- _Records to use_:
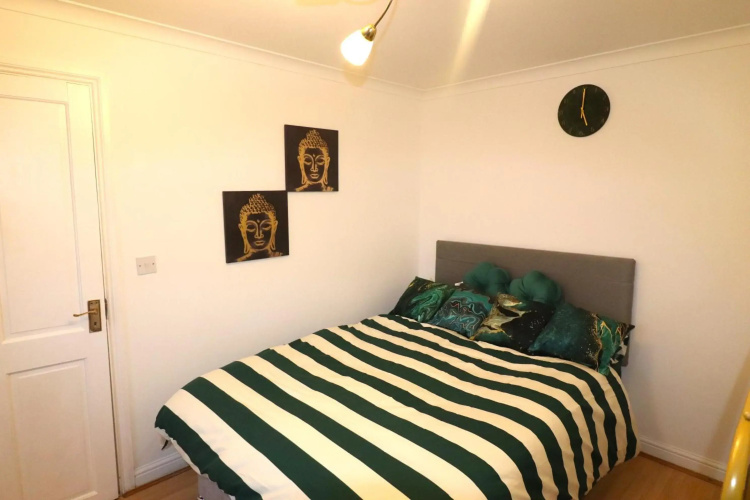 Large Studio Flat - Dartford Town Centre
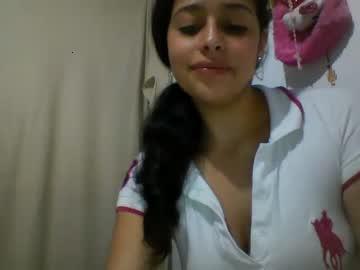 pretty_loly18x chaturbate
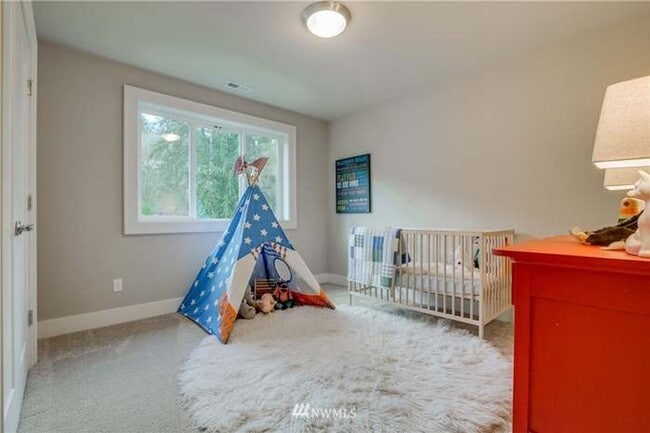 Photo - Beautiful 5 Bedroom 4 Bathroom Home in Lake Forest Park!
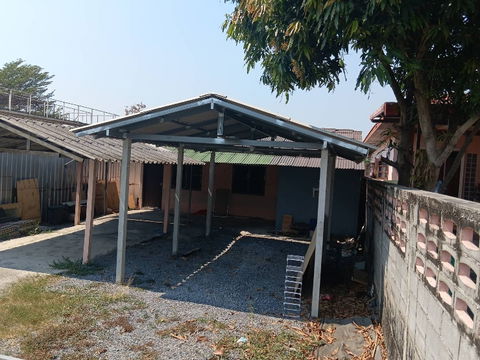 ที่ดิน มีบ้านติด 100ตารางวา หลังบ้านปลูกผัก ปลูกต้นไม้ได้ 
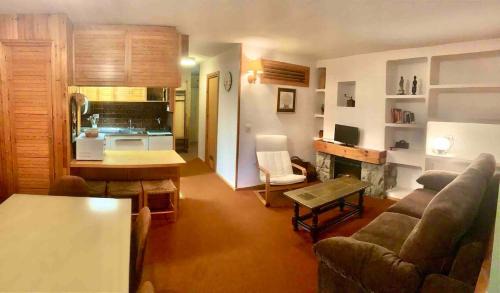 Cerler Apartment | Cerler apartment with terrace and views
...
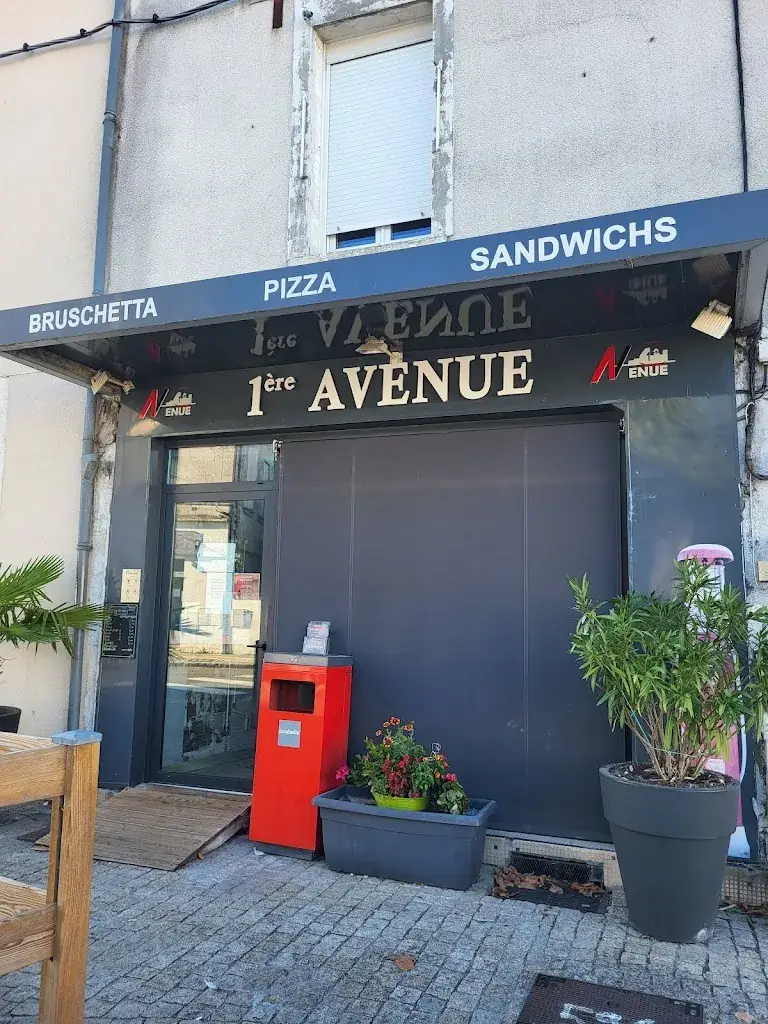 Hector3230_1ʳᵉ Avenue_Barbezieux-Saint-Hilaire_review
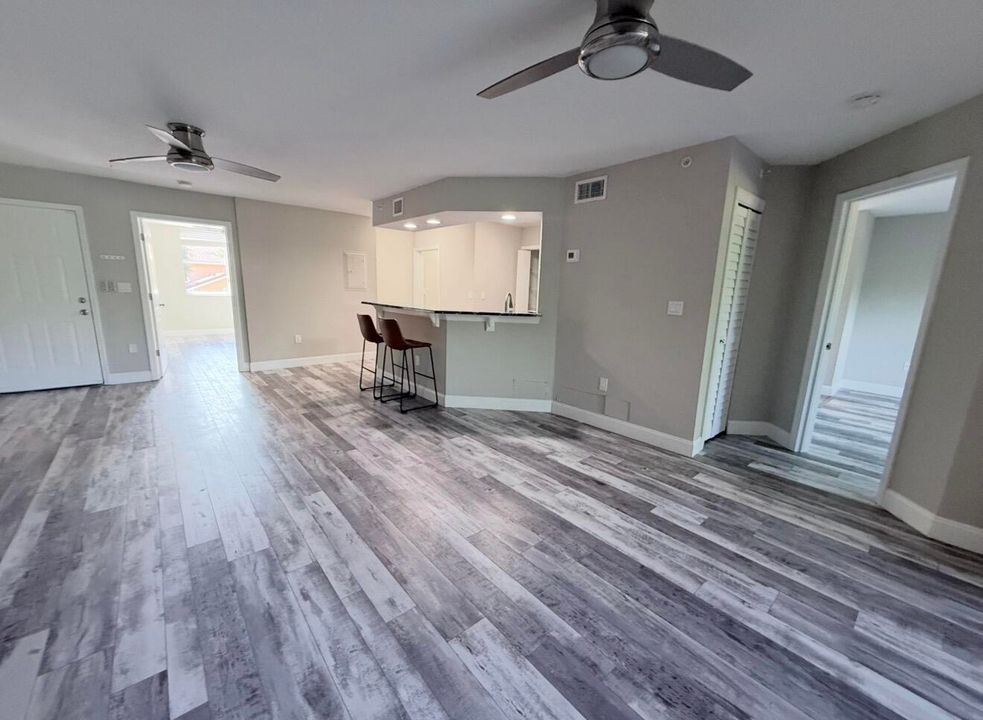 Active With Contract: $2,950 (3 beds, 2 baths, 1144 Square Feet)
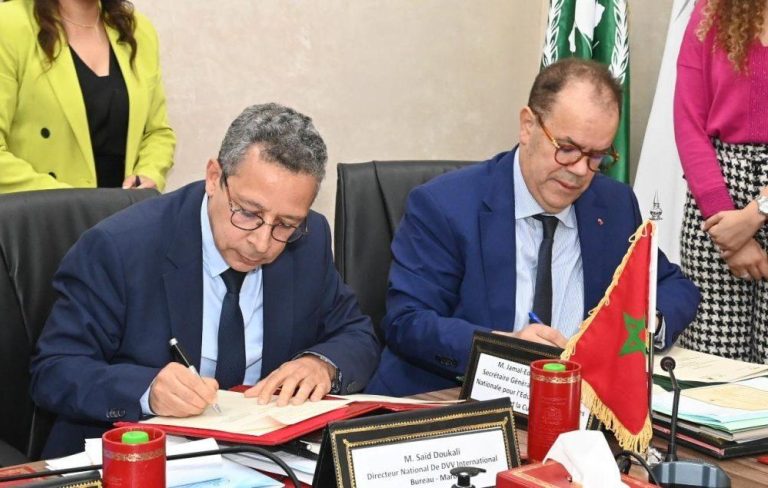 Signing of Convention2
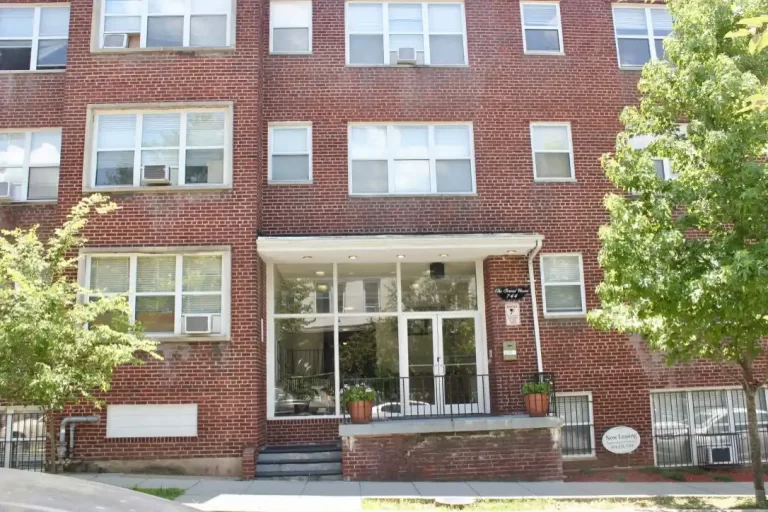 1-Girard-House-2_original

- _What needs to be done_:
Would you output the lines above from the line holding "Large Studio Flat - Dartford Town Centre" up to and including the line holding "Cerler Apartment |", exactly and only those, with no pictures?

- _Task response_:
 Large Studio Flat - Dartford Town Centre
 pretty_loly18x chaturbate
 Photo - Beautiful 5 Bedroom 4 Bathroom Home in Lake Forest Park!
 ที่ดิน มีบ้านติด 100ตารางวา หลังบ้านปลูกผัก ปลูกต้นไม้ได้ 
 Cerler Apartment | Cerler apartment with terrace and views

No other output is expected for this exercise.